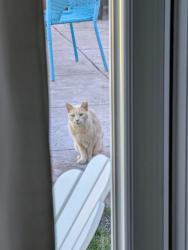 Lost Male Cat last seen The Alameda, San Jose, CA 95126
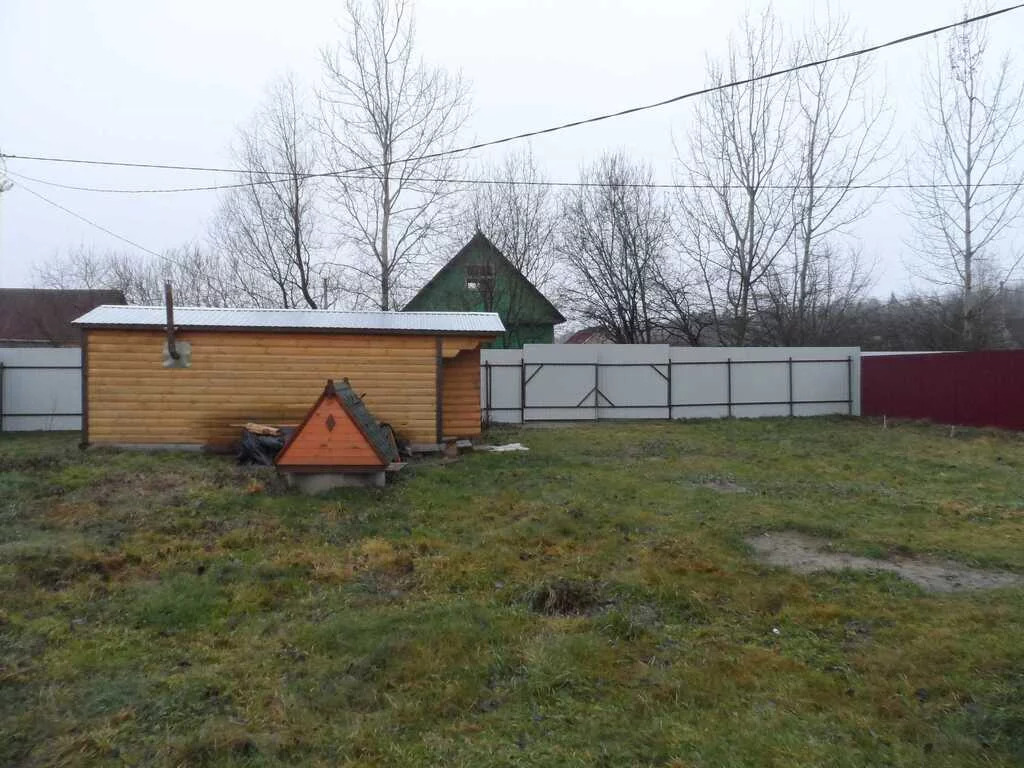 снт оптимист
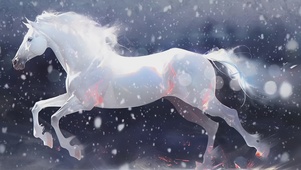 白驹过隙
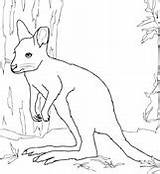 Wallaby Coloring Necked Baby Red sketch template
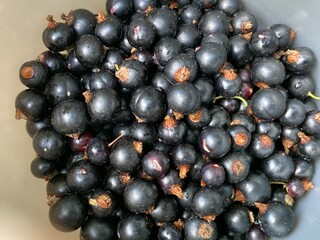 Schwarze Johannisbeeren frisch geerntet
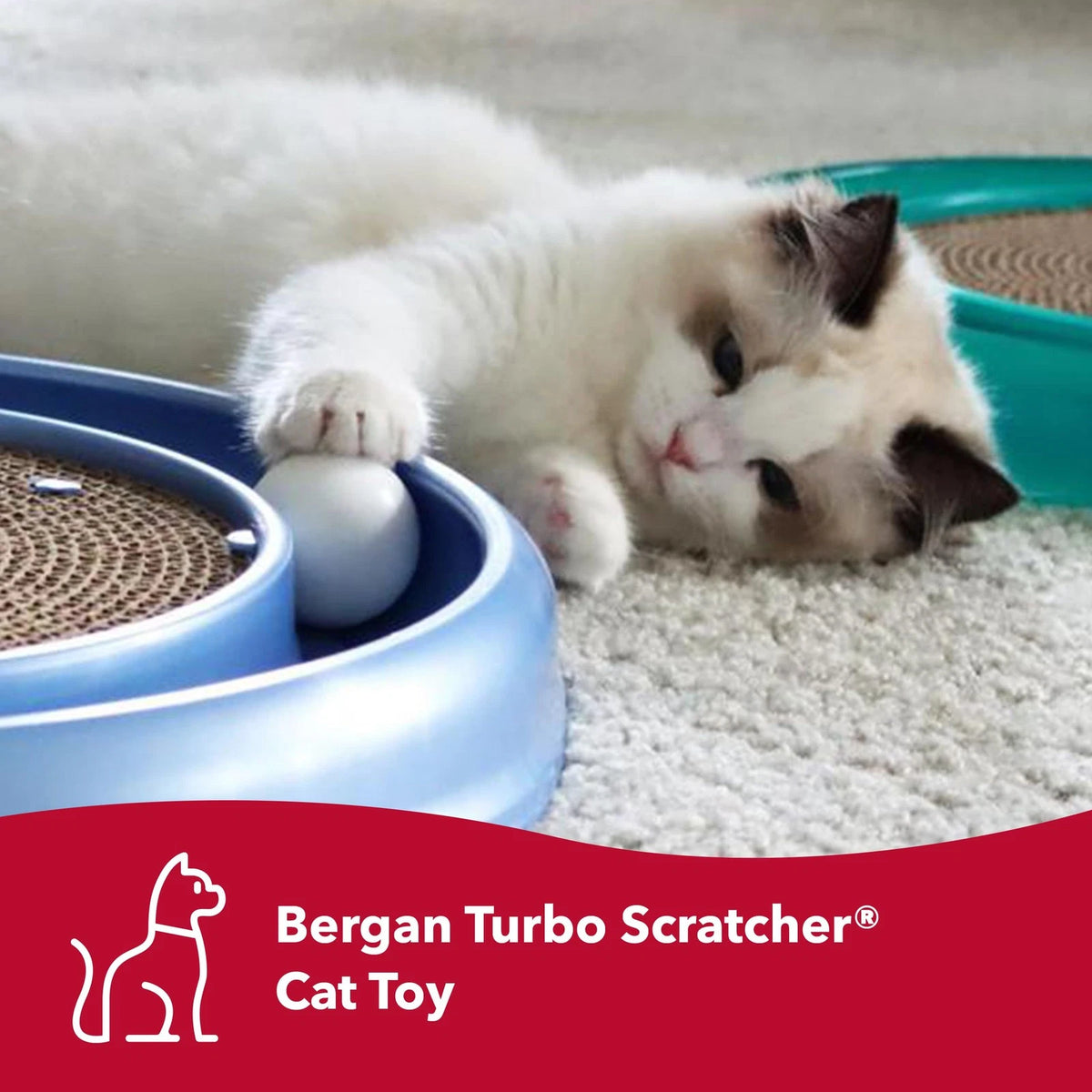Turbo Scratcher Cat Toy Pad with Ball Track and Catnip for Cats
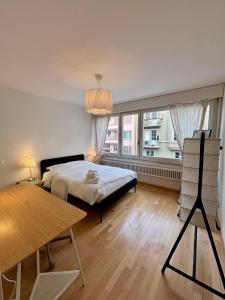 Simple & Comfy Apartment on Gartenstrasse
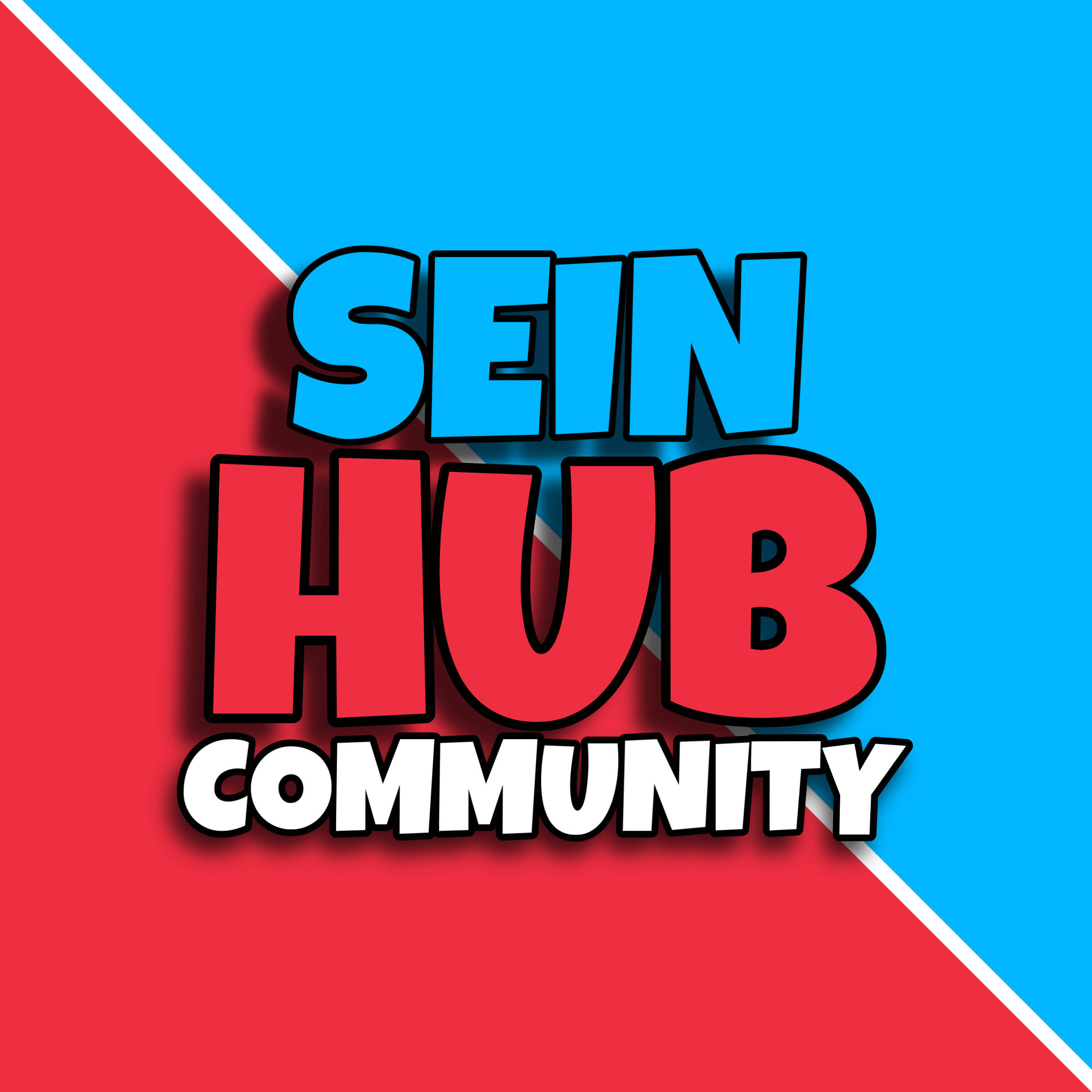 SeinHub Logo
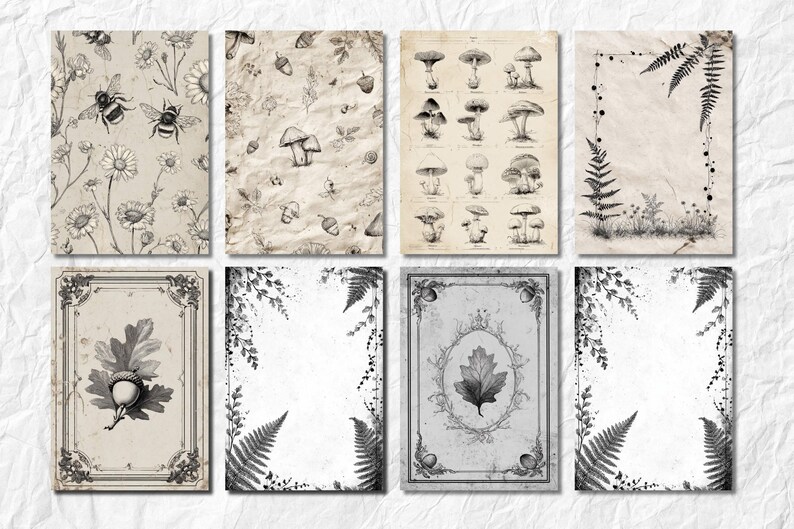 K&ouml;nnte beinhalten: Eine Sammlung von acht botanischen Vintage-Drucken. Die Drucke zeigen Illustrationen von Bienen, Blumen, Pilzen, Farnen und Eicheln. Die Farbpalette ist &uuml;berwiegend neutral mit Sepia-T&ouml;nen, was eine klassische und nat&uuml;rliche &Auml;sthetik erzeugt.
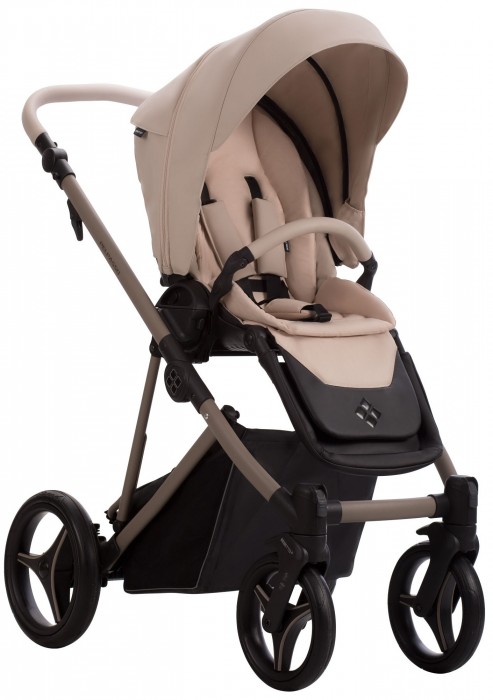 Bebetto Pelpasso 2 in 1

+++

[Aim of the task] Once the pictures are set aside, retype the rest of the listing exactly.

[Written reply]
 Lost Male Cat last seen The Alameda, San Jose, CA 95126
 снт оптимист
 白驹过隙
 Wallaby Coloring Necked Baby Red sketch template
 Schwarze Johannisbeeren frisch geerntet
Turbo Scratcher Cat Toy Pad with Ball Track and Catnip for Cats
 Simple & Comfy Apartment on Gartenstrasse
 SeinHub Logo
 K&ouml;nnte beinhalten: Eine Sammlung von acht botanischen Vintage-Drucken. Die Drucke zeigen Illustrationen von Bienen, Blumen, Pilzen, Farnen und Eicheln. Die Farbpalette ist &uuml;berwiegend neutral mit Sepia-T&ouml;nen, was eine klassische und nat&uuml;rliche &Auml;sthetik erzeugt.
 Bebetto Pelpasso 2 in 1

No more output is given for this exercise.